We gathered a panel of experts including Alex Thurstan, cofounder of gourmet pet food company Different Dog, Andre Jordao, cofounder and CEO of food and veterinary advice company Barkyn; Staffan Helgesson, general partner at Creandum (investor in FirstVet) and Garyth Stone, managing director at Houlihan Lokey (who sold Tails.com and Lily’s Kitchen to Nestle) to answer the question.

Screengrab from Sifted Pet Tech webinar

These were some of the main takeaways from the discussion

1. Investors are looking for startups that can really own the end-to-end customer relationship.

This is what initially attracted Helgesson to Firstvet, the telehealth company offering veterinary consultations over video. Creandum, which has backed Spotify, IZettle and Kry, hadn’t invested in pet tech previously but saw in Firstvet the makings of a business that could become a truly trusted platform for customers.

“People are always talking about becoming a platform,” says Helgesson. “But it is hard to do in reality.

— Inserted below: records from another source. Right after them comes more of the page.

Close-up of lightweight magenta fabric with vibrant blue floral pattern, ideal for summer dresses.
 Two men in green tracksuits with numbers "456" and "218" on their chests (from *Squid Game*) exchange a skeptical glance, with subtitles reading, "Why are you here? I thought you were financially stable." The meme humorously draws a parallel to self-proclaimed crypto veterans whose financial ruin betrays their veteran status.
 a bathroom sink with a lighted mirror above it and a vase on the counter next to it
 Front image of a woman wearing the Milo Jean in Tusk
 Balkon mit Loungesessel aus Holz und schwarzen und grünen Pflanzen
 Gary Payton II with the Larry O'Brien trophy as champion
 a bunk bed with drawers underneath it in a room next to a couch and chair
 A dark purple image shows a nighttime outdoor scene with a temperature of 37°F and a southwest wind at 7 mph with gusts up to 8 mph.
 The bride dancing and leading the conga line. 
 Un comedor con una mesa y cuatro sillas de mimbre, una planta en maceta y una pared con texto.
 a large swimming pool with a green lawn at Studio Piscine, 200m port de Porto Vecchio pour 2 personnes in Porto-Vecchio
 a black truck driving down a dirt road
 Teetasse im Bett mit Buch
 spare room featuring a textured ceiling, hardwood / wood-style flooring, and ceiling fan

What we always try to look for is a combination of services that make the end consumer really delighted and that you own the end consumer relationship. If you have those two things combined you have a fair shot at being a platform.”

Once you have the customer’s trust, it is easier to build up and add other services.
Porto-based Barkyn has taken this approach by combining personalised pet food with veterinary consultation services. Jordao says this has helped build trust with customers and significantly increased retention rates. Adding other services is on the company’s radar.

2. You have to be single-minded about being number one or two in the market.

“At the end of the day in each market, there is a really small amount of companies that capture a very large proportion of shareholder value. All revenue is not created equal,” says Helgesson. “Being number one or maybe number two — but definitely not number three or number four or number five — in a category is critical. Shareholder value will concentrate on the winners.”

All revenue is not created equal.

This means being willing to think big and play the long game. Spotify was unprofitable for years because they kept ploughing money into expansion rather than settling for being a regional leader in the Nordics or Europe. They faced a lot of criticism for it, but eventually, the gamble paid off.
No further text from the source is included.